◆ TASK DESCRIPTION:
Please retype, unchanged, each line from the top of the material below through the line where "Wedding Weekend Illustrated" appears.

[EXERCISE MATERIAL — start]

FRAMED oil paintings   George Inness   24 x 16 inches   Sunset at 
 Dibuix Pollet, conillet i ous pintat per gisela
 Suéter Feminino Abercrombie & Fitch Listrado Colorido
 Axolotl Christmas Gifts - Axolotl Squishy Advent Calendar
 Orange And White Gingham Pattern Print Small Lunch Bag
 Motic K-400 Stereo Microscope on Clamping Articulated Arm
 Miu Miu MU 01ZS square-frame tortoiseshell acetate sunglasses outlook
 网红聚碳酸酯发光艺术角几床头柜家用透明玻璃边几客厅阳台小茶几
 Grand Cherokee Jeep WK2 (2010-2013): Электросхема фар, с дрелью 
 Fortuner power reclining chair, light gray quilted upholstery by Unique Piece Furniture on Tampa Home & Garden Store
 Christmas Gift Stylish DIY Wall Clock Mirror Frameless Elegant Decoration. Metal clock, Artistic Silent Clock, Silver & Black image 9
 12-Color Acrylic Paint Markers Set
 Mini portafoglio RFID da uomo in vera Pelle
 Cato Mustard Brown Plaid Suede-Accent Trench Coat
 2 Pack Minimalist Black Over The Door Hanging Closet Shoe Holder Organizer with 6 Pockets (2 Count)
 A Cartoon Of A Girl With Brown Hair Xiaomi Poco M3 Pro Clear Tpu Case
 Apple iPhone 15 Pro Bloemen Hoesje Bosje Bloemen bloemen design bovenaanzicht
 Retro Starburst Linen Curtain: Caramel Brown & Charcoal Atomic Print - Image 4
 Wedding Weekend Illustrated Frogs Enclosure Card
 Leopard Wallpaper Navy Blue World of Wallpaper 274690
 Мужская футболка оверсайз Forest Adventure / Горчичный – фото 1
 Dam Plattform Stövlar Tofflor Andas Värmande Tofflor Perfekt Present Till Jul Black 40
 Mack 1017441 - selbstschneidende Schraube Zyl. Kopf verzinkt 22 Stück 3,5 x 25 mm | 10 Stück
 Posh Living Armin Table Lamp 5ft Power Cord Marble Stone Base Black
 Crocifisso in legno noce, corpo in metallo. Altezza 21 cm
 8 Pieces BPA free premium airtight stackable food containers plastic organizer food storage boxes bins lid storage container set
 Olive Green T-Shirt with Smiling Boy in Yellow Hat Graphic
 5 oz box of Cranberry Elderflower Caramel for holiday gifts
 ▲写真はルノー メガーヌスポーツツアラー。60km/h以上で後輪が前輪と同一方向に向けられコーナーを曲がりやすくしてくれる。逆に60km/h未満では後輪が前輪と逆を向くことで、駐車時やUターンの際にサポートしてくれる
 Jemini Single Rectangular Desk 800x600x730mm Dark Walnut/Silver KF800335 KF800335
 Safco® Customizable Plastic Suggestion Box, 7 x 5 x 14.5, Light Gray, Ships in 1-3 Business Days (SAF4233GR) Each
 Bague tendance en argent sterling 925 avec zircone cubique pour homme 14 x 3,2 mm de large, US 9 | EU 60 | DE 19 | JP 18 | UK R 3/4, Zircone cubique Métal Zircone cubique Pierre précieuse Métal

[EXERCISE MATERIAL — finish]

◆ SOLUTION TO THIS EXERCISE:
FRAMED oil paintings   George Inness   24 x 16 inches   Sunset at 
 Dibuix Pollet, conillet i ous pintat per gisela
 Suéter Feminino Abercrombie & Fitch Listrado Colorido
 Axolotl Christmas Gifts - Axolotl Squishy Advent Calendar
 Orange And White Gingham Pattern Print Small Lunch Bag
 Motic K-400 Stereo Microscope on Clamping Articulated Arm
 Miu Miu MU 01ZS square-frame tortoiseshell acetate sunglasses outlook
 网红聚碳酸酯发光艺术角几床头柜家用透明玻璃边几客厅阳台小茶几
 Grand Cherokee Jeep WK2 (2010-2013): Электросхема фар, с дрелью 
 Fortuner power reclining chair, light gray quilted upholstery by Unique Piece Furniture on Tampa Home & Garden Store
 Christmas Gift Stylish DIY Wall Clock Mirror Frameless Elegant Decoration. Metal clock, Artistic Silent Clock, Silver & Black image 9
 12-Color Acrylic Paint Markers Set
 Mini portafoglio RFID da uomo in vera Pelle
 Cato Mustard Brown Plaid Suede-Accent Trench Coat
 2 Pack Minimalist Black Over The Door Hanging Closet Shoe Holder Organizer with 6 Pockets (2 Count)
 A Cartoon Of A Girl With Brown Hair Xiaomi Poco M3 Pro Clear Tpu Case
 Apple iPhone 15 Pro Bloemen Hoesje Bosje Bloemen bloemen design bovenaanzicht
 Retro Starburst Linen Curtain: Caramel Brown & Charcoal Atomic Print - Image 4
 Wedding Weekend Illustrated Frogs Enclosure Card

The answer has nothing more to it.